*Records excerpted from a collection*:
#####

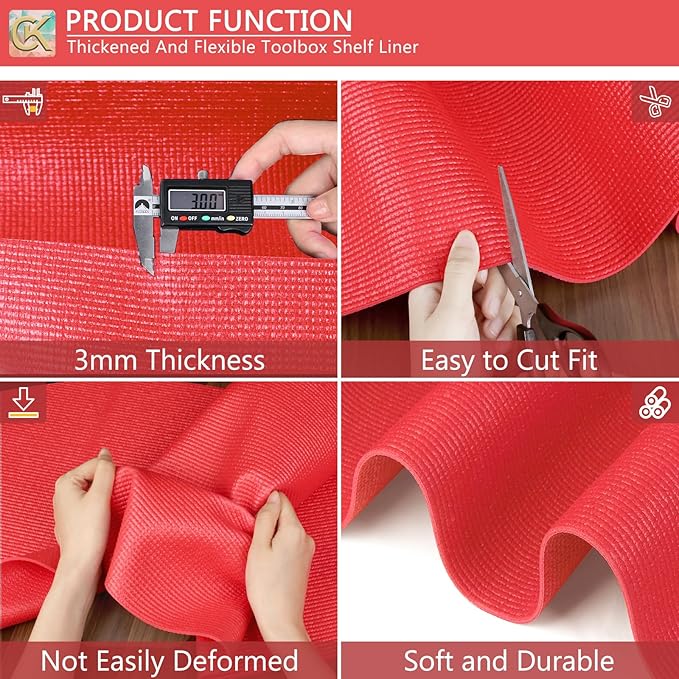Foam Toolbox Liner Shelf Liner, Thickened Durable Pad Tool Box Mat for Protecting Your Tools, Work Surfaces, Garage, Chest -Red 3mm Thickness, 20 inch*24 ft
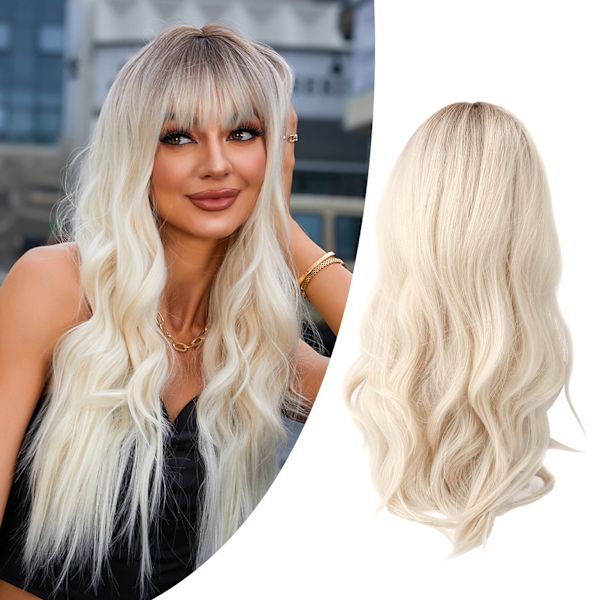 Gradient Blond Brun Lang Krøllet Parykk Dame Varmebestandig Syntetisk Parykk med Bang for Cosplay Party
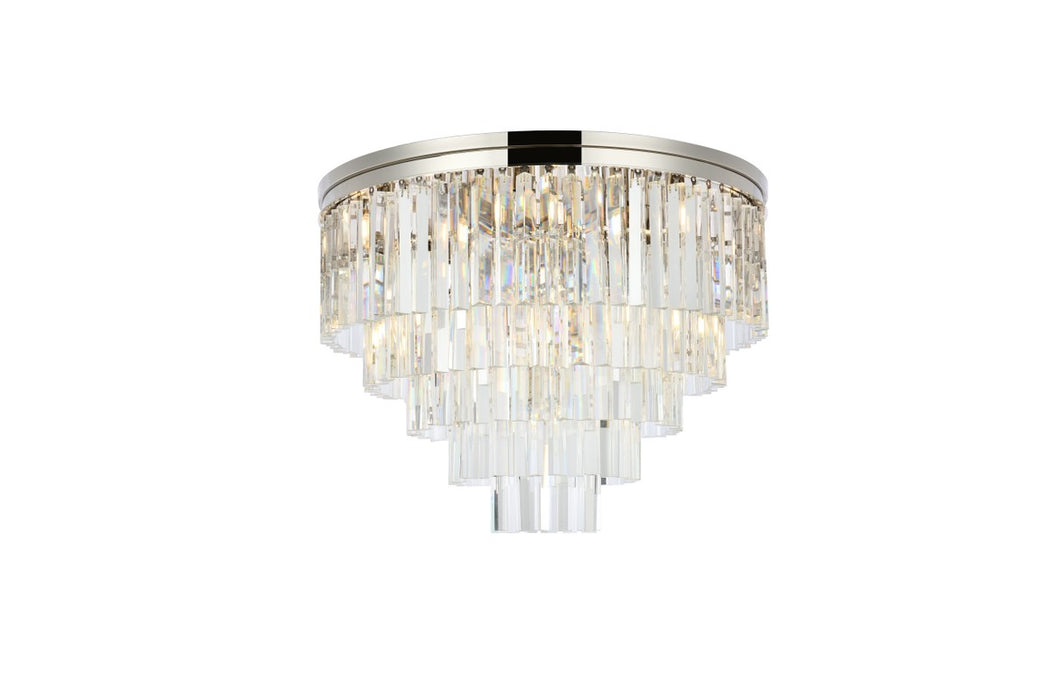 Sydney 17-Light Flush Mount in Polished Nickel with Clear Royal Cut Crystal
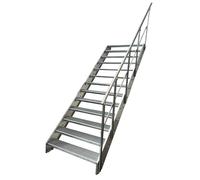 Kaminbau Mierzwa Escalier en acier de qualité supérieure avec garde-corps droit entièrement galvanisé / 13 marches en caillebotis (largeur 1000 mm) (hauteur 247 cm), résistant aux intempéries, pour le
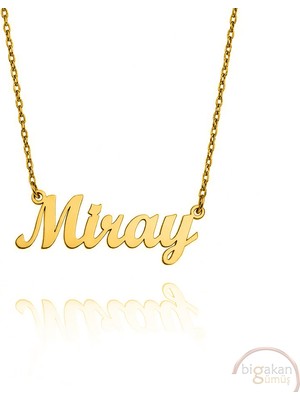 Bigakan 925 Ayar Gümüş Altın Kaplama Miray Isimli Kolye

#####

*What the task requires*: Without the pictures, retype exactly the lines from the one that holds "Kaminbau Mierzwa Escalier" to the last line of the data above, both of them included.

*Answer for the task*:
 Kaminbau Mierzwa Escalier en acier de qualité supérieure avec garde-corps droit entièrement galvanisé / 13 marches en caillebotis (largeur 1000 mm) (hauteur 247 cm), résistant aux intempéries, pour le
 Bigakan 925 Ayar Gümüş Altın Kaplama Miray Isimli Kolye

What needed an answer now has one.